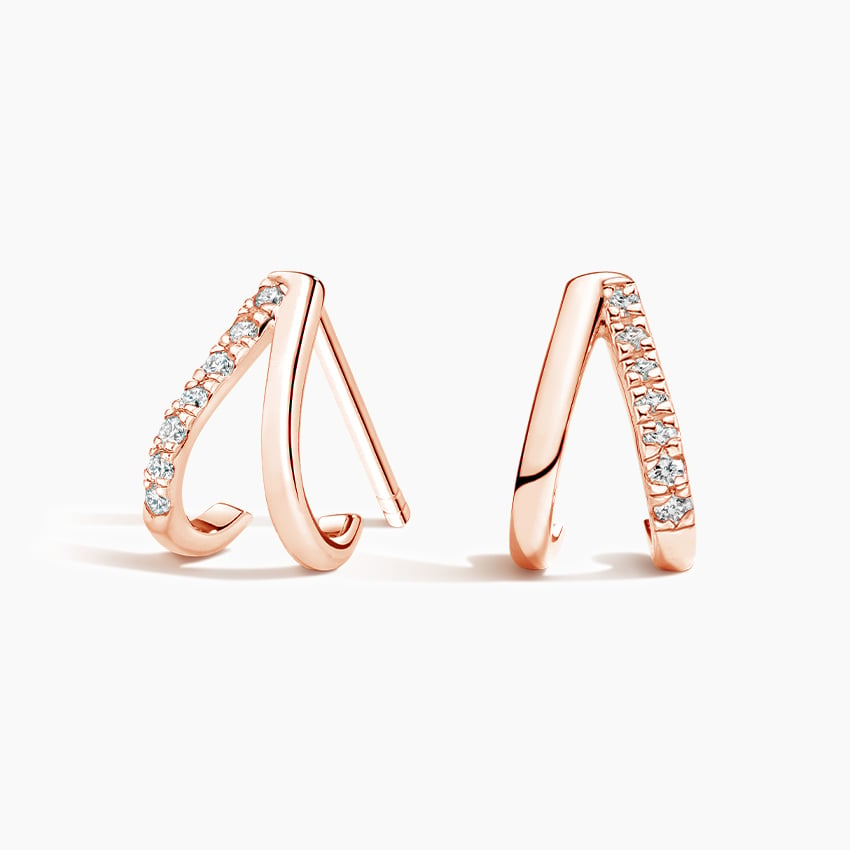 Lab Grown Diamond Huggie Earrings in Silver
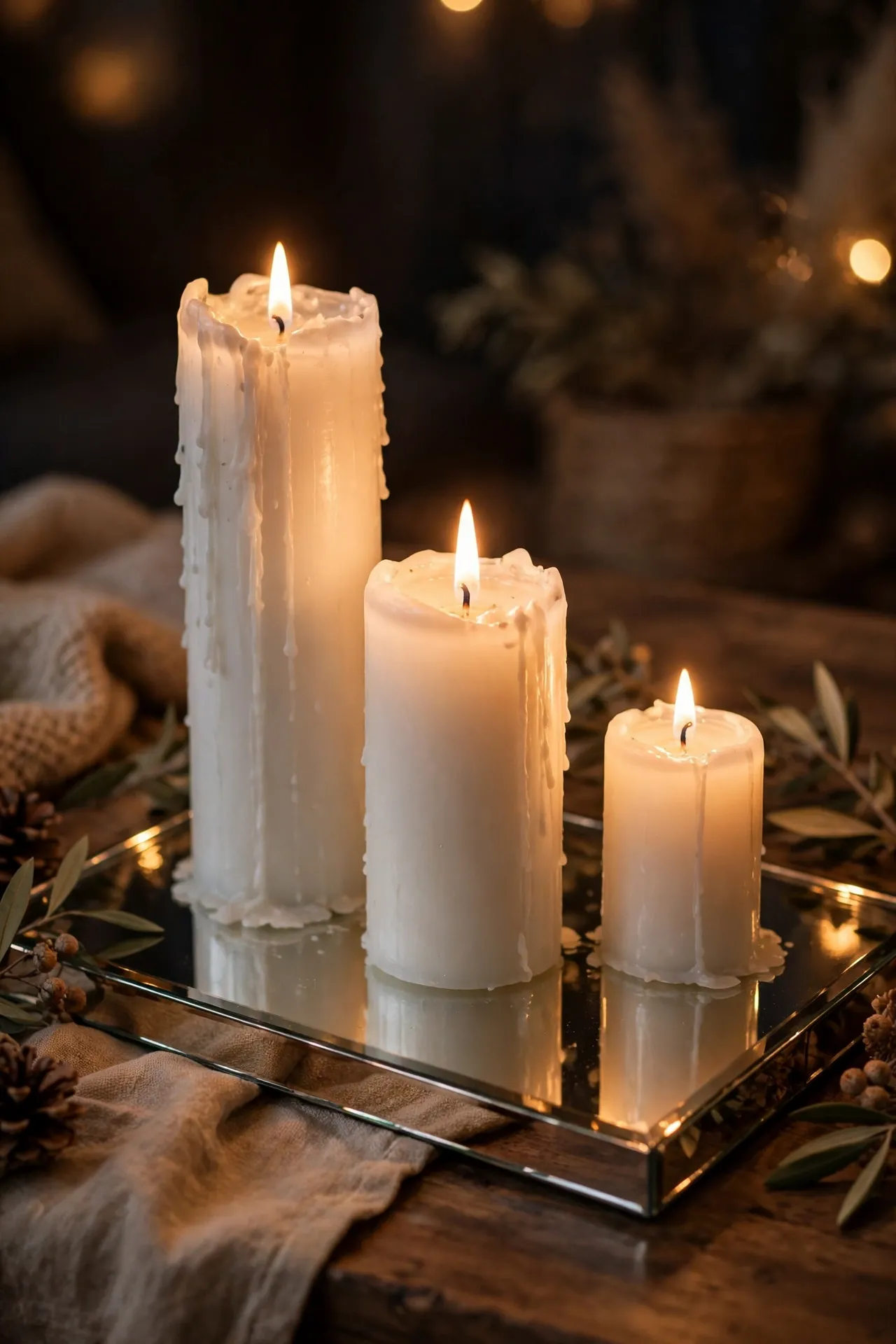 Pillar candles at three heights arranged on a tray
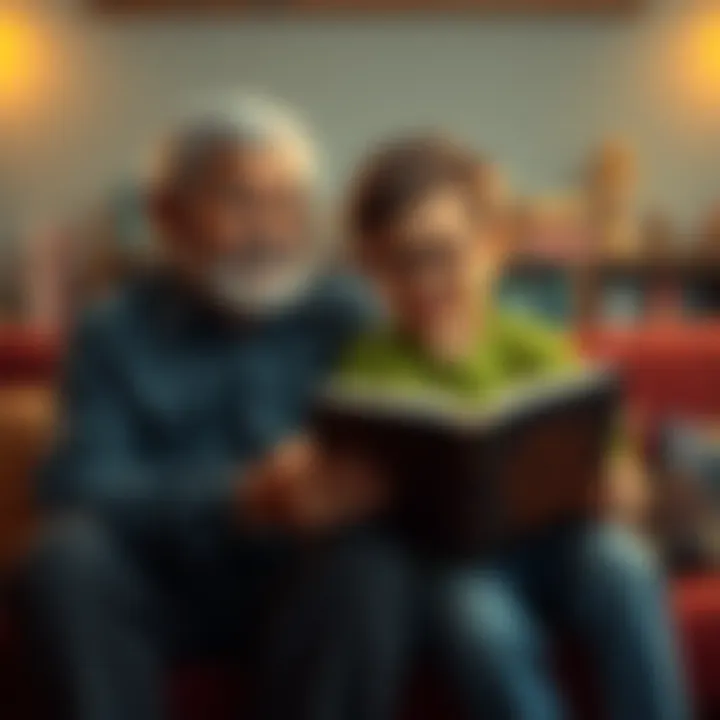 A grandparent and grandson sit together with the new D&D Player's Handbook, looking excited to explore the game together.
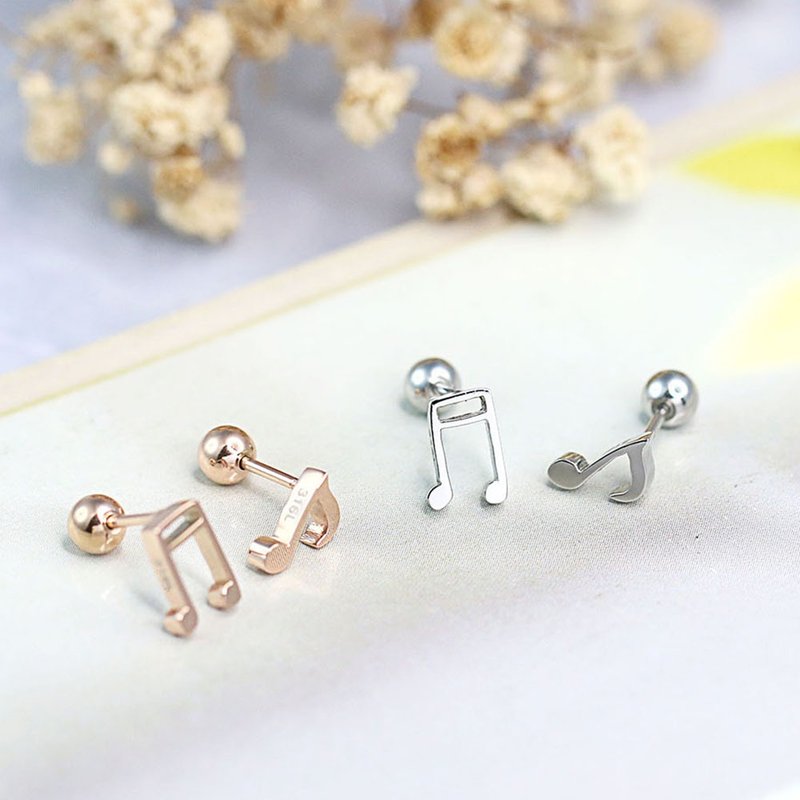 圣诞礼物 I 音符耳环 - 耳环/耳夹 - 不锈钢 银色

...

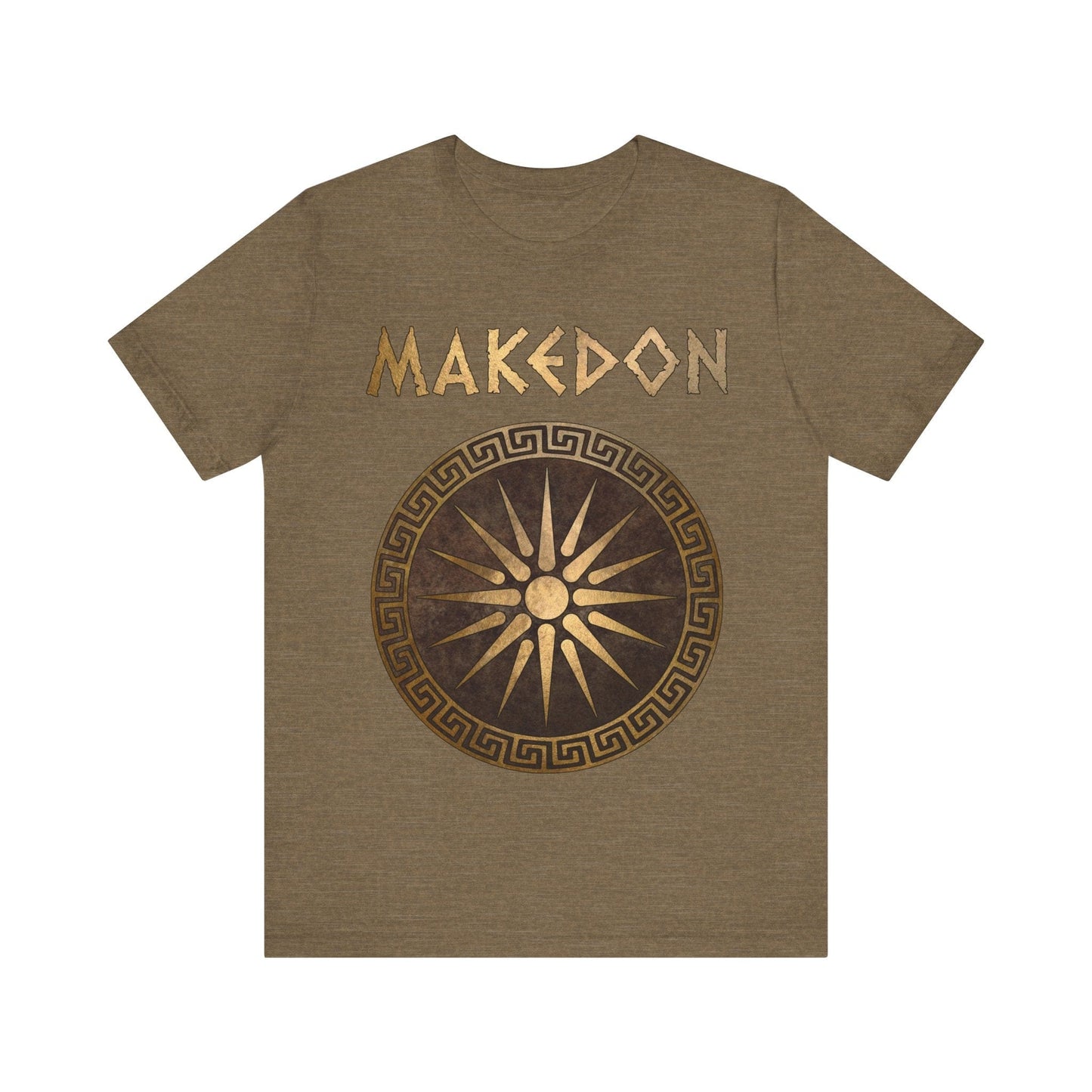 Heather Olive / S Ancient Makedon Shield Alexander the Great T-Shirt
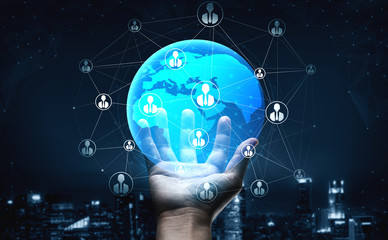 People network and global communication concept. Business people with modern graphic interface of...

---

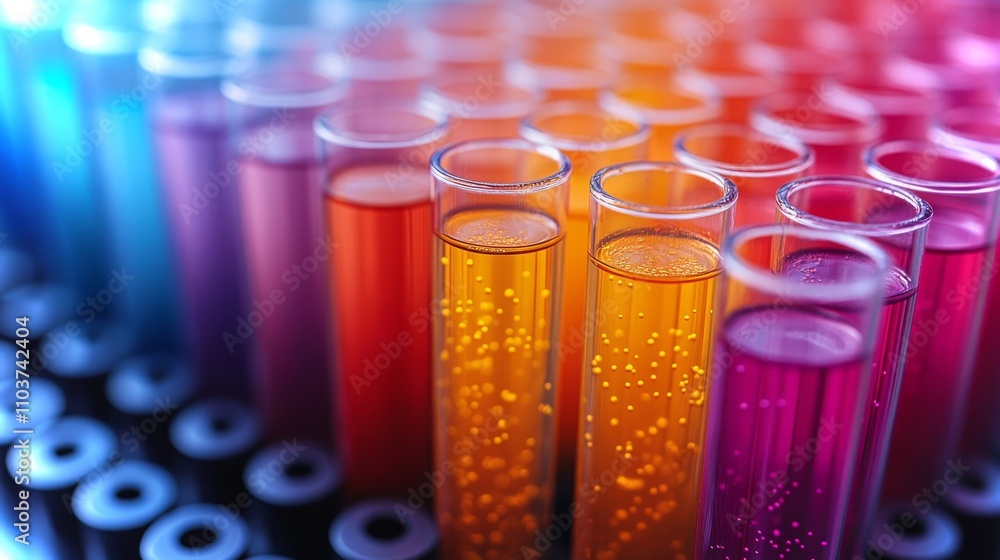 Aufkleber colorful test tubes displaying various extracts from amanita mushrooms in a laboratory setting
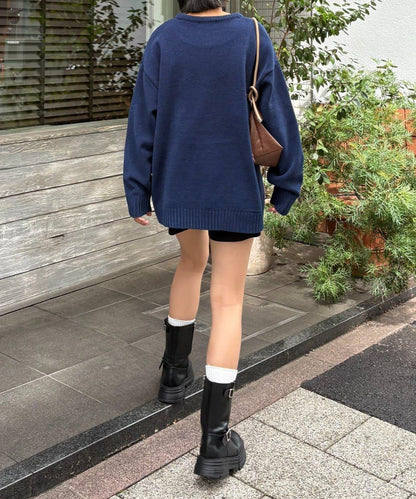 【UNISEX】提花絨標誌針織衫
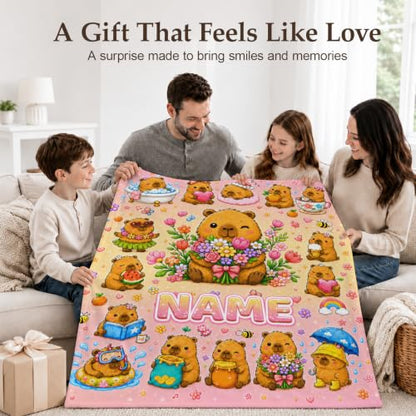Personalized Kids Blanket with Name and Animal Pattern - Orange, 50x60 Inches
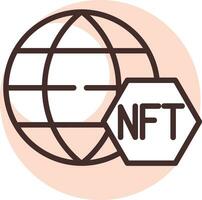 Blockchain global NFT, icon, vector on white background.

What this task involves: Give again, exactly as written above, every line from the one holding "Aufkleber colorful test" to the one holding "Blockchain global NFT, icon, vector", with both ends kept and the pictures left out.

Your response:
 Aufkleber colorful test tubes displaying various extracts from amanita mushrooms in a laboratory setting
 【UNISEX】提花絨標誌針織衫
Personalized Kids Blanket with Name and Animal Pattern - Orange, 50x60 Inches
 Blockchain global NFT, icon, vector on white background.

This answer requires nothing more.